[Patacara recalls the Buddha's words:]
"You don't know
the path
of his coming or going,
that being who has come
from where? —
the one you lament as 'my son.'But when you know
the path
of his coming or going,
you don't grieve after him,
for that is the nature
of beings.Unasked,
he came from there.
Without permission,
he went from here —
coming from where?
having stayed a few days.And coming one way from here,
he goes yet another
from there.
Dying in the human form,
he will go wandering on.
As he came, so he has gone —
so what is there
to lament?"Pulling out
—completely out —
the arrow so hard to see,
embedded in my heart,
he expelled from me
—overcome with grief —
the grief
over my son.Today — with arrow removed,
without hunger, entirely
Unbound —
to the Buddha, Dhamma, & Sangha I go,
for refuge to
the Sage.
thig.6.1 Therigatha
Patacara's 500 Students
- Translator: Thanissaro Bhikkhu
- Editor: Ayya Kathrin Vimalañāṇī
Paṭācārā, Who Had a Following of Five Hundred
“One whose path you do not know,not whence they came nor where they went;
though they came from who knows where,
you mourn that being, crying, ‘Oh my son!’

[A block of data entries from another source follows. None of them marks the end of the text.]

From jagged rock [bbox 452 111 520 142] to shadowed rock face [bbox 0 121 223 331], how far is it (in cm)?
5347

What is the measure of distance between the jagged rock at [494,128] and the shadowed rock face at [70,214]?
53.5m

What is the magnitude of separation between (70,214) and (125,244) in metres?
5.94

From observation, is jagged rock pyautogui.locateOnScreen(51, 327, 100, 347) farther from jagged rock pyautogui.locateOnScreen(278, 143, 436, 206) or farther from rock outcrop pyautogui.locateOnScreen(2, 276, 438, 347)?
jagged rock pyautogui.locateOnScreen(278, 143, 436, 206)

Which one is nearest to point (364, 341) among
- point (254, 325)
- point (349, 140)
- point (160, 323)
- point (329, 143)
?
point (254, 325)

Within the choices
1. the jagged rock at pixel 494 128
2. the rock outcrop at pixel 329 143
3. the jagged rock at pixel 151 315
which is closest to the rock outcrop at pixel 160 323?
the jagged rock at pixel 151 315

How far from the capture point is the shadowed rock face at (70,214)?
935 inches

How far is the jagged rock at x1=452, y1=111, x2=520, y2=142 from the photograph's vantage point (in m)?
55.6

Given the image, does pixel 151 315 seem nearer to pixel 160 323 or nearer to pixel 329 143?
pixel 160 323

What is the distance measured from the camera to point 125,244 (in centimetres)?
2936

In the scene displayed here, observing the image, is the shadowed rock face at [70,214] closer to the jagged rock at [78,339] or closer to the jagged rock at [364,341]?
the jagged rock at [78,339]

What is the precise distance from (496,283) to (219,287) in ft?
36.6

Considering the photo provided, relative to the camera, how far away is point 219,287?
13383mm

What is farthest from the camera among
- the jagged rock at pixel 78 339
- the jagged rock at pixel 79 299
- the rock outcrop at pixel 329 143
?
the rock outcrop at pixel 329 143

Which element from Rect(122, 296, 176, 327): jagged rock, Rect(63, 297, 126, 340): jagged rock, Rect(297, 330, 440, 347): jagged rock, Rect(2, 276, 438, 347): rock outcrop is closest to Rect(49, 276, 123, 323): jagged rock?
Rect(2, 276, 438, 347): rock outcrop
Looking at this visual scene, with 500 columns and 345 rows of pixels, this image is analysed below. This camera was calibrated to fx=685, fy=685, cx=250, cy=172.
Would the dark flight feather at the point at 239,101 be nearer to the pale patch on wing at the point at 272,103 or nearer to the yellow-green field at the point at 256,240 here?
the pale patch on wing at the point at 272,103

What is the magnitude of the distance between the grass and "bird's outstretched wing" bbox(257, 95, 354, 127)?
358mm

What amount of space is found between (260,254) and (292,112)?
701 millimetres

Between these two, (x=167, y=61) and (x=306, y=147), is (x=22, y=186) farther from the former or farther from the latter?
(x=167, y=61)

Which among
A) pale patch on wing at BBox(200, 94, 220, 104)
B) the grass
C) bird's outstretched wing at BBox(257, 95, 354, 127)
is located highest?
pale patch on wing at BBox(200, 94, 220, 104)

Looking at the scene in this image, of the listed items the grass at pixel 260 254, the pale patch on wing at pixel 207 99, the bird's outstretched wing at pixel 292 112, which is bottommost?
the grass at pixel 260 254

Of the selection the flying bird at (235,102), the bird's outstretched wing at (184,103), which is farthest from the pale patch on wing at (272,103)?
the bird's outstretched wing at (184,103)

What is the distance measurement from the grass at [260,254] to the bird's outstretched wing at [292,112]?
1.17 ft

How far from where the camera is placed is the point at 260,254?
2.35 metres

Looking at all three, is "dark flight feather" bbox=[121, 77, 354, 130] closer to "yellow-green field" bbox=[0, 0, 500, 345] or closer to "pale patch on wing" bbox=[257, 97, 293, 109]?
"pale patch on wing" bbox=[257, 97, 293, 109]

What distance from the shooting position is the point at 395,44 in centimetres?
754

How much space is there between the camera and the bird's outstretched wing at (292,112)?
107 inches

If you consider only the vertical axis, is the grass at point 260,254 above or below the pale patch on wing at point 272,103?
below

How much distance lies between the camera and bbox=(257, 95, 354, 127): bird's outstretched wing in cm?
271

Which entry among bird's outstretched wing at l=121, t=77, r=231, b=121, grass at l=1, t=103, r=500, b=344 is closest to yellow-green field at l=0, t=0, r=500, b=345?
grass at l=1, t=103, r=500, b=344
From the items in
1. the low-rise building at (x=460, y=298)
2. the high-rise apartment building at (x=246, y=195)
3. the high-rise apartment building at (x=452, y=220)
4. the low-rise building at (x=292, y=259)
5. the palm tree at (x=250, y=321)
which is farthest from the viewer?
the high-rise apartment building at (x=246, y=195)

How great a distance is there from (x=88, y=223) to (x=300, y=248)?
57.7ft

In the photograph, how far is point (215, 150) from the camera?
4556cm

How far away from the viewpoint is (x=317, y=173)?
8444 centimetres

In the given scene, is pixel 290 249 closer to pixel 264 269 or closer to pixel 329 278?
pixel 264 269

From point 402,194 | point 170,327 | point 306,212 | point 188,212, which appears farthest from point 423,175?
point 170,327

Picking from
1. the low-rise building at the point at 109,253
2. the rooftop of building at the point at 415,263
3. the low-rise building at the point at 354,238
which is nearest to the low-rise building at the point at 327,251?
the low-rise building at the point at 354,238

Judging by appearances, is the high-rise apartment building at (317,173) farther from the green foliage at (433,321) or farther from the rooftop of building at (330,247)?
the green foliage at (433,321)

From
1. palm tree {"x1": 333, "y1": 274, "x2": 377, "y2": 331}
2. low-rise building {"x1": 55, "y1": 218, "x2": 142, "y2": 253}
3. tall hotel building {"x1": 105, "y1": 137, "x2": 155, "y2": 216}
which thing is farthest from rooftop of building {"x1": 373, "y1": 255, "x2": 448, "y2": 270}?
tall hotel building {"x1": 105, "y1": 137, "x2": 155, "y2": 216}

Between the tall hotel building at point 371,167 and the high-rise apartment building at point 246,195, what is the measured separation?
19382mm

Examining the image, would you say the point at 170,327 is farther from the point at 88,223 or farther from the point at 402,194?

But one whose path you do know,
whence they came or where they went;
that one you do not lament—
such is the nature of living creatures.
Unasked he came,
he left without leave.
He must have come from somewhere,
and stayed who knows how many days.
He left from here by one road,
he will go from there by another.
Departing with the form of a human,
he will go on transmigrating.
As he came, so he went:
why cry over that?”
“Oh! For you have plucked the arrow from me,
so hard to see, stuck in the heart.
You’ve swept away the grief for my son,
in which I once was mired.
Today I’ve plucked the arrow,
I’m hungerless, extinguished.
I go for refuge to that sage, the Buddha,
to his teaching, and to the Sangha.”
That is how Paṭācārā, who had a following of five hundred, declared her enlightenment.